Schuttkegel Blatten – Was unter dem Schutt zum Umweltrisiko wird

Als das Dorf Blatten Ende Mai 2025 von einem Berg- und Gletschersturz verschüttet wurde, gingen nicht nur Häuser, persönliche Gegenstände und Erinnerungen verloren. Auch Autos, Heizöltanks, Maschinen, Batterien und Kühlgeräte verschwanden unter dem Schuttkegel. Schon bald wurden auf dem See, der sich hinter dem Schuttkegel bildete, Ölflecken sichtbar.
Nun zeigt eine neue Umweltstudie, die SRF vorliegt: Im verschütteten Gebiet befanden sich rund 150'000 Liter Heizöl und Treibstoff. Wie viel davon beim Bergsturz ausgetreten ist und wie viel aktuell noch in Tanks oder im Schutt steckt, ist unbekannt.

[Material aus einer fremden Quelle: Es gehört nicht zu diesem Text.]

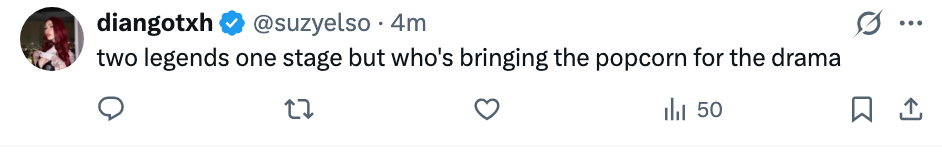 Tweet fra bruker @suzyelso som sier: 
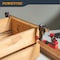Powertec 12 in. Steel Bar Clamps w/ 600 lbs Loads Limit & 2-1/2 in. Throat, Quick-Release F Clamp, 2PK 71918N - alternate 4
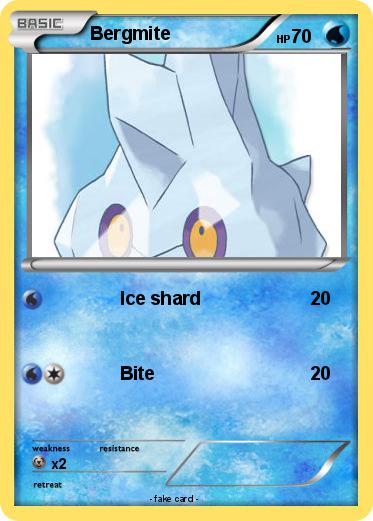 Pokemon Bergmite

Messungen des Grundwassers sind unauffällig
Die im Auftrag des Kantons Wallis erstellte Studie kommt zum Schluss, dass diese sogenannten Mineralölkohlenwasserstoffe die mit Abstand grösste Gefahr für die Umwelt darstellen. Gleichzeitig halten die Studienautoren fest, dass es unverhältnismässig sei, die umweltschädlichen Stoffe vollständig zu bergen. Weil man nicht genau wisse, wo sie sich befinden.
Die Ölflecken auf dem See zeigen: Ein Teil des verschütteten Heizöls und Treibstoffs ist bereits ausgetreten. Grundsätzlich bestehe die Gefahr, dass Schadstoffe in das Grundwasser gelangen, so die Autoren. Die bisherigen Messungen waren aber unauffällig.
Es wäre unverhältnismässig, wenn man sagen würde, dass man hier nicht wieder bauen kann.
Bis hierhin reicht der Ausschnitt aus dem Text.